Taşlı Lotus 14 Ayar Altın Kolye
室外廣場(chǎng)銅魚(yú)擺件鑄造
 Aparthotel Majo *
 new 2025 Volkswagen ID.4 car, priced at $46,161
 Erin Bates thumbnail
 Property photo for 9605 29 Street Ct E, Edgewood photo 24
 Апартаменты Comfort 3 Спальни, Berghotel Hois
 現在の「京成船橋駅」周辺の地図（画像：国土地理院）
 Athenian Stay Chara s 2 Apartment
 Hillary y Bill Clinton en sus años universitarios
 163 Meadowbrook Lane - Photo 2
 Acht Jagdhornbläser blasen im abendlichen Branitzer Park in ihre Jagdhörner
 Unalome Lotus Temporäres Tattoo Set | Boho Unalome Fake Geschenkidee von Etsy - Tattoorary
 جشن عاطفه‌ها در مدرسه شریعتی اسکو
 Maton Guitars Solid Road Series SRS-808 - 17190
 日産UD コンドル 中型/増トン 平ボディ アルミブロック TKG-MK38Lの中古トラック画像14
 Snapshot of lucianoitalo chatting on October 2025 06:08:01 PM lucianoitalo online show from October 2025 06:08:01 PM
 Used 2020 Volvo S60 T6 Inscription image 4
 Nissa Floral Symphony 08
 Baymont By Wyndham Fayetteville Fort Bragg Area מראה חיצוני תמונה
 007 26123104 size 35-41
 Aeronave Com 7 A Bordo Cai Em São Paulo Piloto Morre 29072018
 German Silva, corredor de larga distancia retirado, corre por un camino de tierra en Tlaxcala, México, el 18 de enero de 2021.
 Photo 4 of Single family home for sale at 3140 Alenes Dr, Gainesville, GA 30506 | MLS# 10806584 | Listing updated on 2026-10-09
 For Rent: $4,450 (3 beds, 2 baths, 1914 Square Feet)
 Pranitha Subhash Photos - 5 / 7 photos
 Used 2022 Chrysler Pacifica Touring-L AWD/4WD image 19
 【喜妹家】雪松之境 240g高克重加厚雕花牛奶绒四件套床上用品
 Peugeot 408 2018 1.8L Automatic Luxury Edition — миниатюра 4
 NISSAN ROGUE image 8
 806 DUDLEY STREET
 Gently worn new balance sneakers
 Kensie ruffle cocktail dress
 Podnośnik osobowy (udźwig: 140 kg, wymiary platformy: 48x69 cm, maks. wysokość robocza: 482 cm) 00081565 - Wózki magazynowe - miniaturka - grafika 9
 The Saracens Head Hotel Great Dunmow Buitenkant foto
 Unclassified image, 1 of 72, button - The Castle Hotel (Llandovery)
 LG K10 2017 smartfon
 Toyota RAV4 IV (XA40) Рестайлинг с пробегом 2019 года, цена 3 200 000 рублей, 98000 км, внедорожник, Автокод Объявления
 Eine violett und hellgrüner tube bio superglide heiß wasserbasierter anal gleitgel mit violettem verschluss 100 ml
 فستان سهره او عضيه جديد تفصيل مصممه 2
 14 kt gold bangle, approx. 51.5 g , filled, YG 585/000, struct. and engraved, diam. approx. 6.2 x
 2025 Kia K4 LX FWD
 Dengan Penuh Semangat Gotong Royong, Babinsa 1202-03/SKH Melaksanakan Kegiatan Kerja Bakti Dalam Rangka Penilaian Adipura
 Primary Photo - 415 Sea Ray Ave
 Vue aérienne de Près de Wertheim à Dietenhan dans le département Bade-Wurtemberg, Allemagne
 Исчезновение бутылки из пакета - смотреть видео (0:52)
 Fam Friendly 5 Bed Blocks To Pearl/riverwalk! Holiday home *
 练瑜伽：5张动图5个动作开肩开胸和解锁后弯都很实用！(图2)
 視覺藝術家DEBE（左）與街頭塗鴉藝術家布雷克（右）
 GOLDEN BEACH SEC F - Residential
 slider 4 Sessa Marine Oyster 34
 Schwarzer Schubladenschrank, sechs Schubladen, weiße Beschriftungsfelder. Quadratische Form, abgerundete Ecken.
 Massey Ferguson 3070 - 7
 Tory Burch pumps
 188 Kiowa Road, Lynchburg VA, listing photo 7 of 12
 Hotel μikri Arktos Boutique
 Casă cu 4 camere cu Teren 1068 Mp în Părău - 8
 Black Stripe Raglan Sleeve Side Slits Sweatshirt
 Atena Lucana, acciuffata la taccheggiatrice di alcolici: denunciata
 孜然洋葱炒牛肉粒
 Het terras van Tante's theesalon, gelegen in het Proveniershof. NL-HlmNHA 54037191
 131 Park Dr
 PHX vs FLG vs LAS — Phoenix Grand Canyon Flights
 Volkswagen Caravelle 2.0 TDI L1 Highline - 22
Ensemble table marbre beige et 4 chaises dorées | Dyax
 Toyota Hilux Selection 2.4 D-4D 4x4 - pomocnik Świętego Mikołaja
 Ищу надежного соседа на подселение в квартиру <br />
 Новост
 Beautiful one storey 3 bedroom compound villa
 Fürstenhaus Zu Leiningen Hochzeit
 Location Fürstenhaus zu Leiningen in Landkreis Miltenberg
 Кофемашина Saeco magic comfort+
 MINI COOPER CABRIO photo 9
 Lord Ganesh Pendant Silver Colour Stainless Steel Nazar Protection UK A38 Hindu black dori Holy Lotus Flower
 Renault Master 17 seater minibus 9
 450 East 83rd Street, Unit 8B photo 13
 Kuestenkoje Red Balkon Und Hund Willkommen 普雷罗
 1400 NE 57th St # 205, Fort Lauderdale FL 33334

....

The lines needed are the ones from the first line of the entries through the line that contains "German Silva, corredor", given again without any change.

RESPONSE TO THE TASK:
Taşlı Lotus 14 Ayar Altın Kolye
室外廣場(chǎng)銅魚(yú)擺件鑄造
 Aparthotel Majo *
 new 2025 Volkswagen ID.4 car, priced at $46,161
 Erin Bates thumbnail
 Property photo for 9605 29 Street Ct E, Edgewood photo 24
 Апартаменты Comfort 3 Спальни, Berghotel Hois
 現在の「京成船橋駅」周辺の地図（画像：国土地理院）
 Athenian Stay Chara s 2 Apartment
 Hillary y Bill Clinton en sus años universitarios
 163 Meadowbrook Lane - Photo 2
 Acht Jagdhornbläser blasen im abendlichen Branitzer Park in ihre Jagdhörner
 Unalome Lotus Temporäres Tattoo Set | Boho Unalome Fake Geschenkidee von Etsy - Tattoorary
 جشن عاطفه‌ها در مدرسه شریعتی اسکو
 Maton Guitars Solid Road Series SRS-808 - 17190
 日産UD コンドル 中型/増トン 平ボディ アルミブロック TKG-MK38Lの中古トラック画像14
 Snapshot of lucianoitalo chatting on October 2025 06:08:01 PM lucianoitalo online show from October 2025 06:08:01 PM
 Used 2020 Volvo S60 T6 Inscription image 4
 Nissa Floral Symphony 08
 Baymont By Wyndham Fayetteville Fort Bragg Area מראה חיצוני תמונה
 007 26123104 size 35-41
 Aeronave Com 7 A Bordo Cai Em São Paulo Piloto Morre 29072018
 German Silva, corredor de larga distancia retirado, corre por un camino de tierra en Tlaxcala, México, el 18 de enero de 2021.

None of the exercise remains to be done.